(Image-text web data)
☆ ☆ ☆ ☆ ☆ ☆ ☆

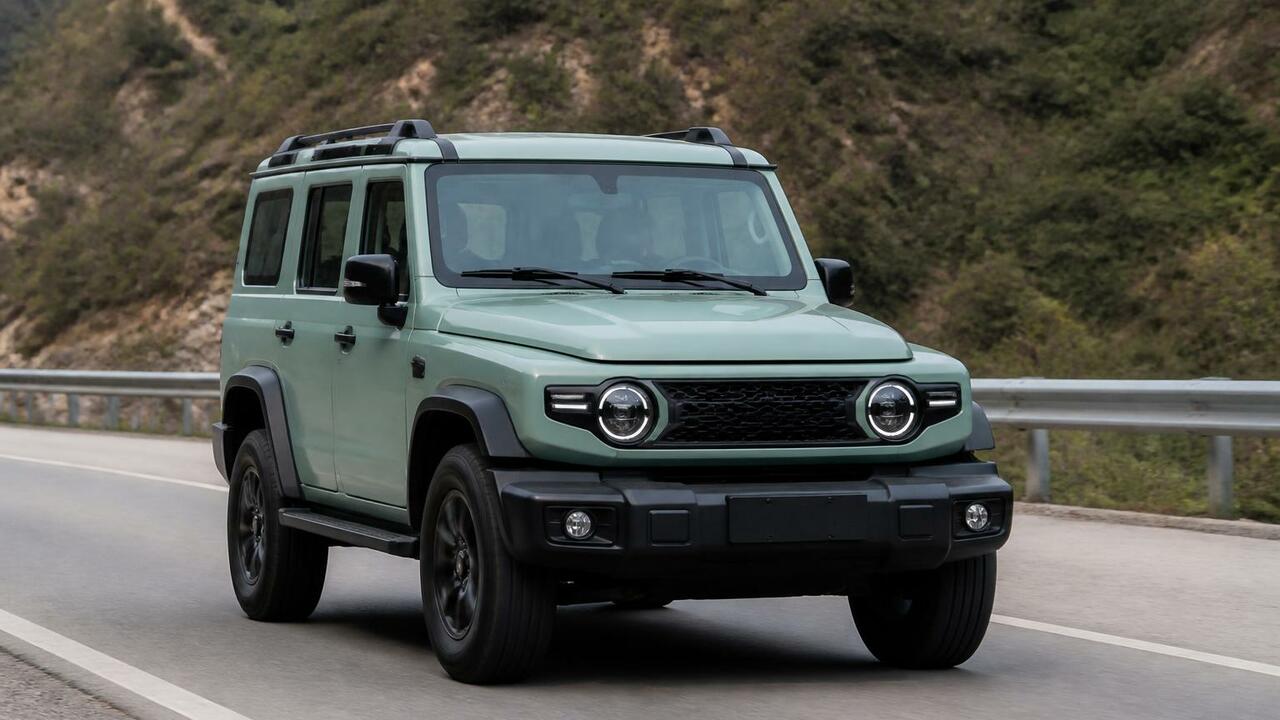 Дизельная версия рамного внедорожника BAW 212 T...
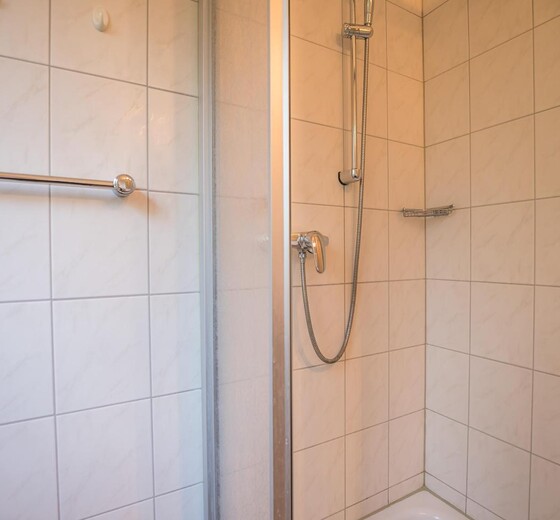 Badzimmer mit Dusche-Ferienwohnung Louise - Ferienhaus / Ferienwohnung Büsum -  15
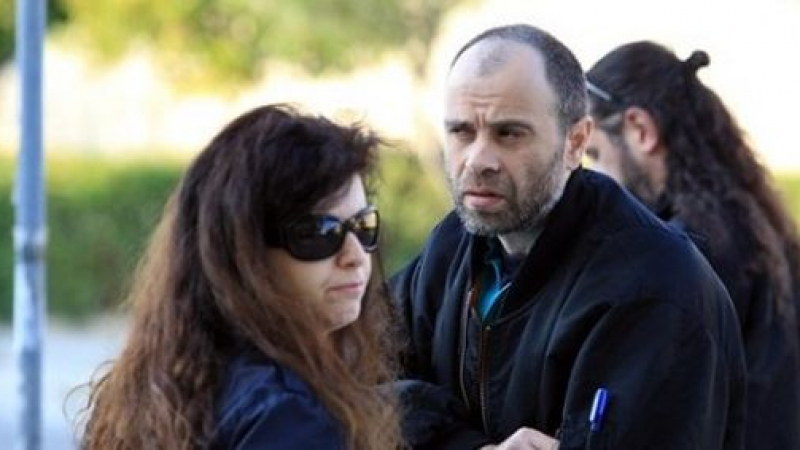 Гръцката полиция дава награда от 2 милиона евро за главата на опасни терористи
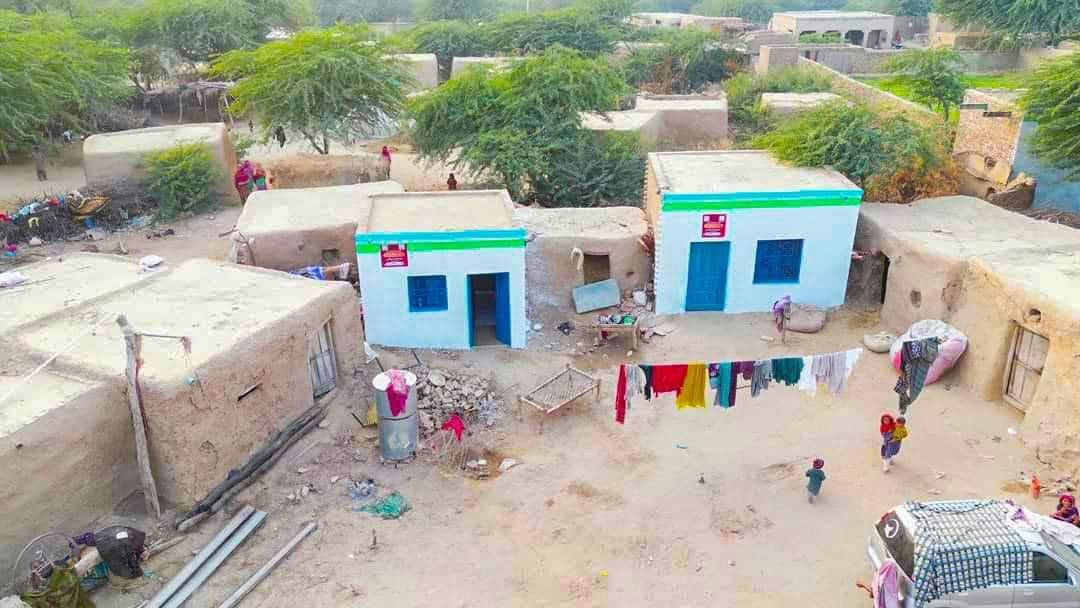 AlkhidmatO's tweet photo. الخدمت فاؤنڈیشن پاکستان میں سیلاب سے متاثرہ علاقوں میں تعمیر وطن پروگرام کے تحت متاثرین کی بحالی کا کام جاری رکھے ہوئے ہے اس سلسلے میں ڈیرہ غازی خان بستی گدوآنی اور بستی وڈانی میں سیلاب سے متاثرہ خاندانوں کو پہلے مرحلہ میں 115 مکانات تعمیر کرکے حوالے کر دیے گئے ہیں https://t.co/F7UsxefxTq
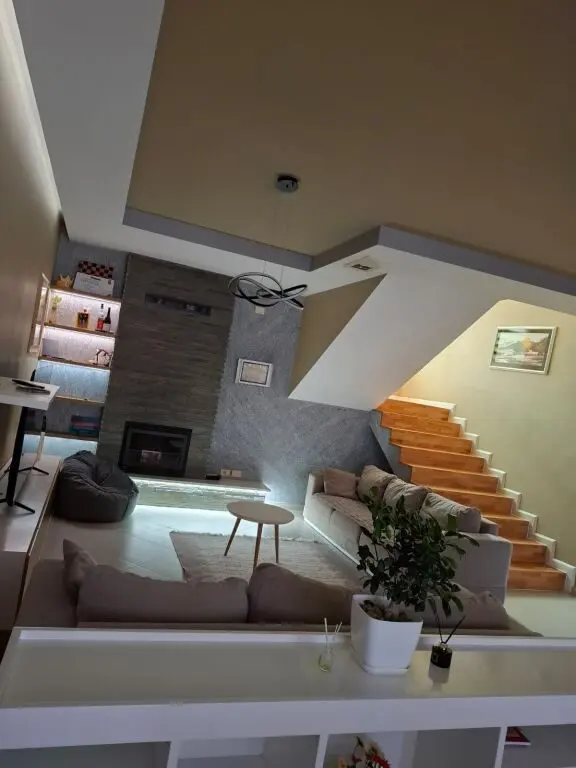 Vilë me qera në Baldushk, Tiranë, 250 m²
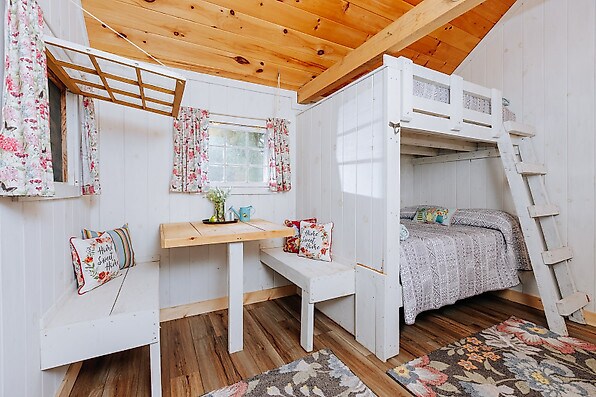 More Photos Of 935 State Route 313, Cambridge Hotel For Sale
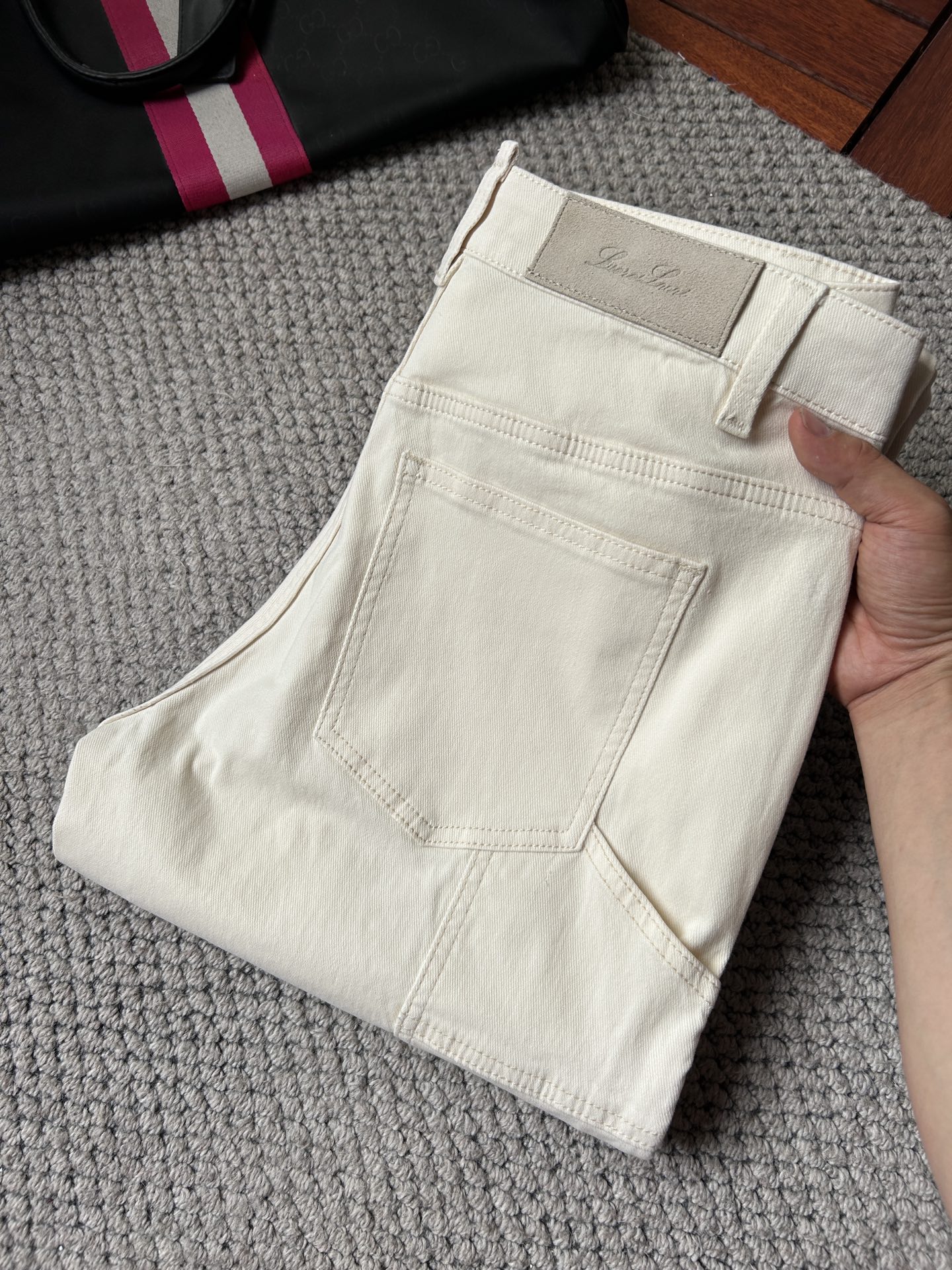 NO:908893,LG's new men's casual jeans. The fabric is comfortable and elastic. Exclusively available. Fashionable and elegant. Designed with heavy craftsmanship. Uses original color washing process. Selected imported fabrics. Customized hardware decoration. Exquisite stitching. All the fine workmanship makes the whole pair of pants more stylish. Worth owning. Sizes 29--38,,jeans,19860909LG 新品男士休闲牛仔裤 面料舒适弹性好.独家发售 时尚优雅 重工艺设计.采用原色水洗工艺 精选进口面料 定制五金装饰 精致车线 所有精细做工让整条裤子的调性更上一层楼 值得拥有. 尺码29--38,,jeans,,Men's clothing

☆ ☆ ☆ ☆ ☆ ☆ ☆

What to work on —
Your task is to copy the entries in full and exactly, without any images.

Output —
 Дизельная версия рамного внедорожника BAW 212 T...
 Badzimmer mit Dusche-Ferienwohnung Louise - Ferienhaus / Ferienwohnung Büsum -  15
 Гръцката полиция дава награда от 2 милиона евро за главата на опасни терористи
 AlkhidmatO's tweet photo. الخدمت فاؤنڈیشن پاکستان میں سیلاب سے متاثرہ علاقوں میں تعمیر وطن پروگرام کے تحت متاثرین کی بحالی کا کام جاری رکھے ہوئے ہے اس سلسلے میں ڈیرہ غازی خان بستی گدوآنی اور بستی وڈانی میں سیلاب سے متاثرہ خاندانوں کو پہلے مرحلہ میں 115 مکانات تعمیر کرکے حوالے کر دیے گئے ہیں https://t.co/F7UsxefxTq
 Vilë me qera në Baldushk, Tiranë, 250 m²
 More Photos Of 935 State Route 313, Cambridge Hotel For Sale
 NO:908893,LG's new men's casual jeans. The fabric is comfortable and elastic. Exclusively available. Fashionable and elegant. Designed with heavy craftsmanship. Uses original color washing process. Selected imported fabrics. Customized hardware decoration. Exquisite stitching. All the fine workmanship makes the whole pair of pants more stylish. Worth owning. Sizes 29--38,,jeans,19860909LG 新品男士休闲牛仔裤 面料舒适弹性好.独家发售 时尚优雅 重工艺设计.采用原色水洗工艺 精选进口面料 定制五金装饰 精致车线 所有精细做工让整条裤子的调性更上一层楼 值得拥有. 尺码29--38,,jeans,,Men's clothing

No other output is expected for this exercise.